Number one is AI. After we got such great feedback at NAB about the six integrations we’d done to demonstrate AI and CatDV — which were image tagging, video tagging, and speech for both Google and Microsoft — we are continuing to expand on that. Those [features] have launched, they’re built into our high-end server, and they’re no extra cost. We think [AI] is going to fundamentally change the industry: AI needs asset management, and asset management has been looking for AI for a long time. We’ve been starved of metadata forever, and now we’ve got a deluge of it, but we need to be able to make sense of it. So that’s massive change. We’ll continue to listen to our customers and work with partners like Google, Microsoft, IBM Watson, and others to [serve their needs].
How are you making CatDV object-storage–friendly, and why is this important for the platform?
The other big one for us is ingest from cloud and object storage, and we now have an [integration] that is live with Spectra Logic around that. Spectra Logic’s Black Pearl [converged-storage system] uses object storage, and we can ask the Black Pearl, and you can now seamlessly ingest those object parts into CatDV – just like if you had just been watching the file system. What that means is, you can now ingest from the cloud — such as [AWS] S3 and more to come — right into CatDV and, at the very least, we could restore that content. Once you can restore it, then we can automate it. You might have a million assets already on your Black Pearl or on S3, but you want to find the stuff that’s got this date in the file path. Then you just send it off to AI and, in an automated fashion, find and enrich all this content that you couldn’t find previously because it was just thrown into the cloud since it had infinite storage.
And what are the other new CatDV capabilities being introduced here?
Yes, we’ve got new product-evolution features, and there are a lot of them. I think the most notable is the notifications service that we’re introducing, which means that all the different [tools in] CatDV can communicate immediately. The automation engine can give progress updates. Or, if someone in Hong Kong is changing some metadata, it will automatically get updated to anybody that happens to have it opened somewhere else. The next version of CatDV is also going to be fully 64-bit, which means faster transcodes, faster playback, better HD, better 4K.
How does the M&E sector’s increasing interest in object-based storage impact CatDV, and why do you think the market is moving that direction?

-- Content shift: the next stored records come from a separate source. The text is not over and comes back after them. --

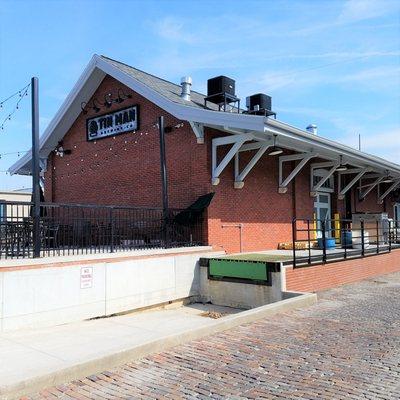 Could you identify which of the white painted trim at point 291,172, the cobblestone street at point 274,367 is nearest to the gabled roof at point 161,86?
the white painted trim at point 291,172

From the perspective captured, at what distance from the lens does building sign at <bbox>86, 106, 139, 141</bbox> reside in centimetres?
1511

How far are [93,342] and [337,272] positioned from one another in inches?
280

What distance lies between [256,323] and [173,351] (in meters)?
1.97

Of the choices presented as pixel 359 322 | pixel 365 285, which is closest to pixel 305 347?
pixel 359 322

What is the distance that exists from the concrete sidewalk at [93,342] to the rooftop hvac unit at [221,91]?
6669 millimetres

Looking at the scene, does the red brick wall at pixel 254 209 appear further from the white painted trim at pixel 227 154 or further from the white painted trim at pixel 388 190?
the white painted trim at pixel 388 190

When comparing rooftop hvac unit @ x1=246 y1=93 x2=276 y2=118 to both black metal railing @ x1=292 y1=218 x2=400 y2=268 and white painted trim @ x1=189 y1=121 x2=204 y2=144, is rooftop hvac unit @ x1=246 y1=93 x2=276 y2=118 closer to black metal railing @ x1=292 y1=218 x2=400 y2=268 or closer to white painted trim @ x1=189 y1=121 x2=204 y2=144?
white painted trim @ x1=189 y1=121 x2=204 y2=144

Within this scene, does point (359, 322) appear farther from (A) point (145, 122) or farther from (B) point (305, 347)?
(A) point (145, 122)

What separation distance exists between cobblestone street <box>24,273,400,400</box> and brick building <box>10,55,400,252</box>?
5.16 meters

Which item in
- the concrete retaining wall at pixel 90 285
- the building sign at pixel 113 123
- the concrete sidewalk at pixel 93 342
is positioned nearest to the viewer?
the concrete sidewalk at pixel 93 342

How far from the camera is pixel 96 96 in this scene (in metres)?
16.4

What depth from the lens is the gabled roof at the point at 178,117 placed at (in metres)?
11.3

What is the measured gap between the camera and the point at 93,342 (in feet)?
23.6

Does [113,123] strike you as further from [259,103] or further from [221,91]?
[259,103] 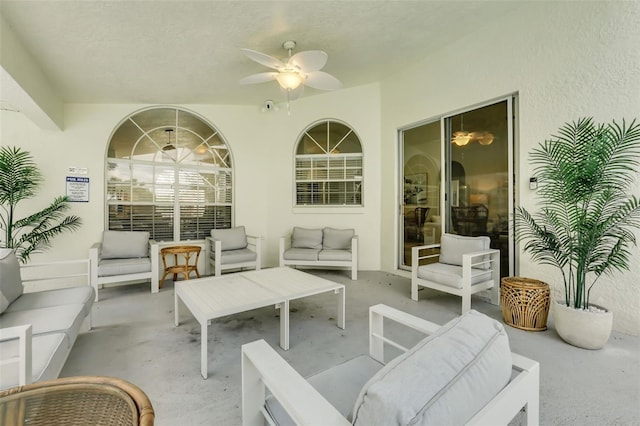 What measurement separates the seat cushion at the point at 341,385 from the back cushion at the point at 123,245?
3.46m

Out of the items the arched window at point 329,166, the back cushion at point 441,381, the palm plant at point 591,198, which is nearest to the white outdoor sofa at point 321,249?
the arched window at point 329,166

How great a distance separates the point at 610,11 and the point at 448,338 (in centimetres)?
344

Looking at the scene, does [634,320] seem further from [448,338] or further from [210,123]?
[210,123]

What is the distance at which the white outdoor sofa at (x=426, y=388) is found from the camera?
575mm

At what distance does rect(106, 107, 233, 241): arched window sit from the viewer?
13.9 ft

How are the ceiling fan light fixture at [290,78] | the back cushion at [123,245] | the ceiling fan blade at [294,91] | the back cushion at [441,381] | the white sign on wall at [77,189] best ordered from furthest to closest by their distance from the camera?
the white sign on wall at [77,189] < the back cushion at [123,245] < the ceiling fan blade at [294,91] < the ceiling fan light fixture at [290,78] < the back cushion at [441,381]

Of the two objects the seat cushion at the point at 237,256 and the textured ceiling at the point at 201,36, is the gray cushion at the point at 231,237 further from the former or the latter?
the textured ceiling at the point at 201,36

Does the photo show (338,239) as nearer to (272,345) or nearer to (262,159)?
(262,159)

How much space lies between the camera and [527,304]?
240cm

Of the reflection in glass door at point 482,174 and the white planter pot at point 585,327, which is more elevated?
the reflection in glass door at point 482,174

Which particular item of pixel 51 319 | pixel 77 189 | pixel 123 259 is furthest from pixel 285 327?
pixel 77 189

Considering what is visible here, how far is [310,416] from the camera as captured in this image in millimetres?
689

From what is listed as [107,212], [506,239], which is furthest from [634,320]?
[107,212]

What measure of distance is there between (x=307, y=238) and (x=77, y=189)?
11.0 feet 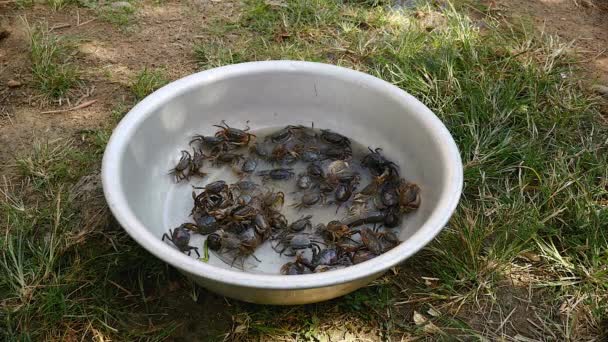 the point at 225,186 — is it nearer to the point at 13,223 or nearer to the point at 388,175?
the point at 388,175

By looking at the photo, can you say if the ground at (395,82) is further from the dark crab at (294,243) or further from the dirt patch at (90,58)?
the dark crab at (294,243)

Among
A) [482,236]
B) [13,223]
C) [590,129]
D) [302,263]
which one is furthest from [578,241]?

One of our strengths is, we make really complicated storage look simple. We handle all the logistics behind the scenes whether [your content] is on LTO, LTFS, Tier 2, Tier 1, object storage, cloud storage, whatever. Our job is just to get the right stuff into the right creative people’s hands at the time they need it. So we have a nice, simple web interface that simplifies the massively complicated storage landscape in a cost-effective manner. We are just extending that with [the object-storage integration].
We also know that people buy storage and fill it up before they think about asset management, so we are looking to help fix that problem. If they have gazillions of tapes in Black Pearl or loads of [content] on S3, we’ve got to be able to bring that into our system and make that [media] usable. We’re trying to be the best [MAM] in the world at being a hybrid cloud/on-premises provider, so people have choices. We don’t insist, like some of the vendors, that everything must be in the cloud. In the end, it’s totally up to you.
AI and machine learning have been the most hyped tools in the broadcast industry in 2018. What are the specific AI-powered tools that can be used today in real-world content-management scenarios?
One of the main technologies usable today, in our opinion, is speech-to-text. Now, speech-to-text [AI engines] are still rather poor quality, so it is not necessarily a [reliable] transcription or captioning tool yet. But, even if you just run [mediocre] speech-to-text and get what you can get out of the AI, that often unlocks your ability to search. So no good for transcription and captioning,= but not bad for search. Speech-to-text is very dependent on the quality of the recording, which is traditionally quite good in a sports environment. Imagine you have a large catalog of [tapes] that you are looking digitize. You can run it through some AI and immediately get some value out of it using speech-to-text. So we see speech to text as the most practical [AI tool] today, despite its limitations.